ISSN: 2574-0407
Али Модаббер
Abstract
Background: Surgical treatment and complications in patients with zygomatic bone fractures can lead to a significant degree of tissue trauma resulting in common postoperative symptoms and types of pain, facial swelling and functional impairment. Beneficial effects of local cold treatment on postoperative swelling, edema, pain, inflammation, and hemorrhage, as well as the reduction of metabolism, bleeding and hematomas, have been described.
The aim of this study was to compare postoperative cooling therapy applied through the use of cooling compresses with the water-circulating cooling face mask manufactured by Hilotherm in terms of beneficial impact on postoperative facial swelling, pain, eye motility, diplopia, neurological complaints and patient satisfaction.

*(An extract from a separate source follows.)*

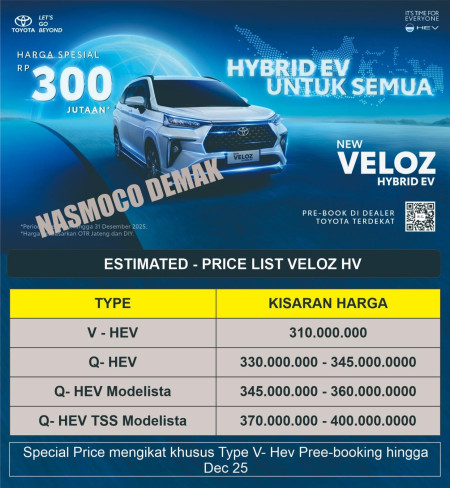 HARGA PROMO TOYOTA VELOZ HYBRID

Methods: Forty-two patients were selected for treatment of unilateral zygomatic bone fractures and were divided randomly to one of two treatments: either a Hilotherm cooling face mask or conventional cooling compresses. Cooling was initiated as soon as possible after surgery until postoperative day 3 and was applied continuously for 12 hours daily. Facial swelling was quantified through a three-dimensional optical scanning technique. Furthermore, pain, neurological complaints, eye motility, diplopia and patient satisfaction were observed for each patient.
Results: Patients receiving a cooling therapy by Hilotherm demonstrated significantly less facial swelling, less pain, reduced limitation of eye motility and diplopia, fewer neurological complaints and were more satisfied compared to patients receiving conventional cooling therapy.
Conclusions: Hilotherapy is more efficient in managing postoperative swelling and pain after treatment of unilateral zygomatic bone fractures than conventional cooling.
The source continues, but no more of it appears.